→ **Problem statement**: Give back the material that follows, identical in every line.

→ **Provided records**:
- - - -

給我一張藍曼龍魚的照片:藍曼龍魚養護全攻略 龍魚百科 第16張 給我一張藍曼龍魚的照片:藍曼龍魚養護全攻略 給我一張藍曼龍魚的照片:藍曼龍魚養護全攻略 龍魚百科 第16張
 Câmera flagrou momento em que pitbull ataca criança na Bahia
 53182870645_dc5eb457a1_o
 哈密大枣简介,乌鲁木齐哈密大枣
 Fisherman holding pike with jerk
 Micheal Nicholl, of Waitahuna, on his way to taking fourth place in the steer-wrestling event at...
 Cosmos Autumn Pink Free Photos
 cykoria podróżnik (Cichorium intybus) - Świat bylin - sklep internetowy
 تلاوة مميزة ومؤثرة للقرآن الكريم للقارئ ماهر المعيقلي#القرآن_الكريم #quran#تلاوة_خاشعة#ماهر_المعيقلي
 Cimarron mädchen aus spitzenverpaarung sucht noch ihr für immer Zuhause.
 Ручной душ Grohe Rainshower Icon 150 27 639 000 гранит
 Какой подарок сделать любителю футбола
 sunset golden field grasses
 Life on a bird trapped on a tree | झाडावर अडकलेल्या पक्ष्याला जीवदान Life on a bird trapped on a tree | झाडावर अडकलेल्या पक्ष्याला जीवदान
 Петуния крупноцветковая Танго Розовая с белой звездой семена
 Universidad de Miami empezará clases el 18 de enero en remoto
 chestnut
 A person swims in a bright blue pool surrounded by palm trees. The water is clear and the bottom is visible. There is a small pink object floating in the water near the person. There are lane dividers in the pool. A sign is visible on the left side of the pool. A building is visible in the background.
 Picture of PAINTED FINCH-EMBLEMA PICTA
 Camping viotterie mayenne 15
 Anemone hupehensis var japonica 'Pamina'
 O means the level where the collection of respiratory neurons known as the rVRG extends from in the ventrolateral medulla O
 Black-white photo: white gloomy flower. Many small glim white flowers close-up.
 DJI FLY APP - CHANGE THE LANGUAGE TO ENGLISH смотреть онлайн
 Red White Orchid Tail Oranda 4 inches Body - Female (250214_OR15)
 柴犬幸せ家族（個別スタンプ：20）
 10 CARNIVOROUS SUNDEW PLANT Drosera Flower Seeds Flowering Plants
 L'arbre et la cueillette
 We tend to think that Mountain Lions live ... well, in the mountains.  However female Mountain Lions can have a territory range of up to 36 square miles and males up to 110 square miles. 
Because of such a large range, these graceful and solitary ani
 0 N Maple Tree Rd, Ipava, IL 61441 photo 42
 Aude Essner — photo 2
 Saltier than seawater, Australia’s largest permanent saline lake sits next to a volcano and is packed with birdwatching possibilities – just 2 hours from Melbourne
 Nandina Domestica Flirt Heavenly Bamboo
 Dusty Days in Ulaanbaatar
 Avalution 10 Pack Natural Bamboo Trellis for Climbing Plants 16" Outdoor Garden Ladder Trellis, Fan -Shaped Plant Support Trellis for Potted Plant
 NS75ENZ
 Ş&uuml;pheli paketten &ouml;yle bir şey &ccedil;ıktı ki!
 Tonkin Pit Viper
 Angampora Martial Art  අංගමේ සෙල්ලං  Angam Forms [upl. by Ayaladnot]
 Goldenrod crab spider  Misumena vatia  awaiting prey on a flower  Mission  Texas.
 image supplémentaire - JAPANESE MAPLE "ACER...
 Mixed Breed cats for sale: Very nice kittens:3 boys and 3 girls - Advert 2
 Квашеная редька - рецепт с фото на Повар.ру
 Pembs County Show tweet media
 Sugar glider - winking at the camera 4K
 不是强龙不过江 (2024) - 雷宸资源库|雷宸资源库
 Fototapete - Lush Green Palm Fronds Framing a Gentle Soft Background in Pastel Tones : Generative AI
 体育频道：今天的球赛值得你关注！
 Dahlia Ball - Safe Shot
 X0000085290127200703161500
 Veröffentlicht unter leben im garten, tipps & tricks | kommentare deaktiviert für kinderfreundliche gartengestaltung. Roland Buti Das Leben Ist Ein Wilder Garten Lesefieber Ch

- - - -

→ **Expected answer**:
給我一張藍曼龍魚的照片:藍曼龍魚養護全攻略 龍魚百科 第16張 給我一張藍曼龍魚的照片:藍曼龍魚養護全攻略 給我一張藍曼龍魚的照片:藍曼龍魚養護全攻略 龍魚百科 第16張
 Câmera flagrou momento em que pitbull ataca criança na Bahia
 53182870645_dc5eb457a1_o
 哈密大枣简介,乌鲁木齐哈密大枣
 Fisherman holding pike with jerk
 Micheal Nicholl, of Waitahuna, on his way to taking fourth place in the steer-wrestling event at...
 Cosmos Autumn Pink Free Photos
 cykoria podróżnik (Cichorium intybus) - Świat bylin - sklep internetowy
 تلاوة مميزة ومؤثرة للقرآن الكريم للقارئ ماهر المعيقلي#القرآن_الكريم #quran#تلاوة_خاشعة#ماهر_المعيقلي
 Cimarron mädchen aus spitzenverpaarung sucht noch ihr für immer Zuhause.
 Ручной душ Grohe Rainshower Icon 150 27 639 000 гранит
 Какой подарок сделать любителю футбола
 sunset golden field grasses
 Life on a bird trapped on a tree | झाडावर अडकलेल्या पक्ष्याला जीवदान Life on a bird trapped on a tree | झाडावर अडकलेल्या पक्ष्याला जीवदान
 Петуния крупноцветковая Танго Розовая с белой звездой семена
 Universidad de Miami empezará clases el 18 de enero en remoto
 chestnut
 A person swims in a bright blue pool surrounded by palm trees. The water is clear and the bottom is visible. There is a small pink object floating in the water near the person. There are lane dividers in the pool. A sign is visible on the left side of the pool. A building is visible in the background.
 Picture of PAINTED FINCH-EMBLEMA PICTA
 Camping viotterie mayenne 15
 Anemone hupehensis var japonica 'Pamina'
 O means the level where the collection of respiratory neurons known as the rVRG extends from in the ventrolateral medulla O
 Black-white photo: white gloomy flower. Many small glim white flowers close-up.
 DJI FLY APP - CHANGE THE LANGUAGE TO ENGLISH смотреть онлайн
 Red White Orchid Tail Oranda 4 inches Body - Female (250214_OR15)
 柴犬幸せ家族（個別スタンプ：20）
 10 CARNIVOROUS SUNDEW PLANT Drosera Flower Seeds Flowering Plants
 L'arbre et la cueillette
 We tend to think that Mountain Lions live ... well, in the mountains.  However female Mountain Lions can have a territory range of up to 36 square miles and males up to 110 square miles. 
Because of such a large range, these graceful and solitary ani
 0 N Maple Tree Rd, Ipava, IL 61441 photo 42
 Aude Essner — photo 2
 Saltier than seawater, Australia’s largest permanent saline lake sits next to a volcano and is packed with birdwatching possibilities – just 2 hours from Melbourne
 Nandina Domestica Flirt Heavenly Bamboo
 Dusty Days in Ulaanbaatar
 Avalution 10 Pack Natural Bamboo Trellis for Climbing Plants 16" Outdoor Garden Ladder Trellis, Fan -Shaped Plant Support Trellis for Potted Plant
 NS75ENZ
 Ş&uuml;pheli paketten &ouml;yle bir şey &ccedil;ıktı ki!
 Tonkin Pit Viper
 Angampora Martial Art  අංගමේ සෙල්ලං  Angam Forms [upl. by Ayaladnot]
 Goldenrod crab spider  Misumena vatia  awaiting prey on a flower  Mission  Texas.
 image supplémentaire - JAPANESE MAPLE "ACER...
 Mixed Breed cats for sale: Very nice kittens:3 boys and 3 girls - Advert 2
 Квашеная редька - рецепт с фото на Повар.ру
 Pembs County Show tweet media
 Sugar glider - winking at the camera 4K
 不是强龙不过江 (2024) - 雷宸资源库|雷宸资源库
 Fototapete - Lush Green Palm Fronds Framing a Gentle Soft Background in Pastel Tones : Generative AI
 体育频道：今天的球赛值得你关注！
 Dahlia Ball - Safe Shot
 X0000085290127200703161500
 Veröffentlicht unter leben im garten, tipps & tricks | kommentare deaktiviert für kinderfreundliche gartengestaltung. Roland Buti Das Leben Ist Ein Wilder Garten Lesefieber Ch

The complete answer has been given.